NCPs also stressed the importance of highlighting the public outcome to companies. The most important factor cited in encouraging the engagement of parties within the NCP process was the practice of attaching consequences to NCP proceedings by way of determinations or through specific recommendations.[41] According to a 2015 OECD Watch study, 77% of cases with a positive outcome came from NCPs that indicated they would make determinations on whether the multinational enterprise respected the Guidelines if mediation failed.[42] Between 2011 and 2015, about 50% of concluded specific instances included recommendations and about 25% included determinations within their final statements.[43]

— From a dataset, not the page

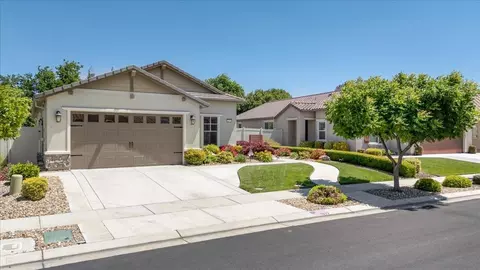 Exterior - 1377 Arbor Brook Dr, Manteca, CA 95336 photo 2 of 22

In some instances, which did not result in an agreement between the parties, positive outcomes were nevertheless achieved such as clarification of the expectations under the Guidelines and the increased use of leverage by multinational companies and investors to promote responsible business conduct.[44]

Even in a few cases where further examination was not accepted, an external agreement was reached (judicial proceedings, negotiations, etc). NCPs are deemed to influence the resolution of issues in such cases. For instance, in Action Aid Denmark v. Arla Foods [2014], ActionAid Denmark brought a complaint to the Danish NCP against Arla Foods regarding its need to undertake social, environmental and human rights due diligence as it planned to expand its activities in sub-Saharan Africa. The plaintiff had been communicating with Arla Foods for many years to highlight the adverse impacts of exporting subsidised milk powder from Europe. However, four months after the matter was brought to the Danish NCP, the parties managed to reach an agreement to ensure Arla’s compliance with international human rights standards in its activities in developing countries. Both parties recognised that the submission of the specific instance to the NCP contributed to improving significantly the dialogue between the parties.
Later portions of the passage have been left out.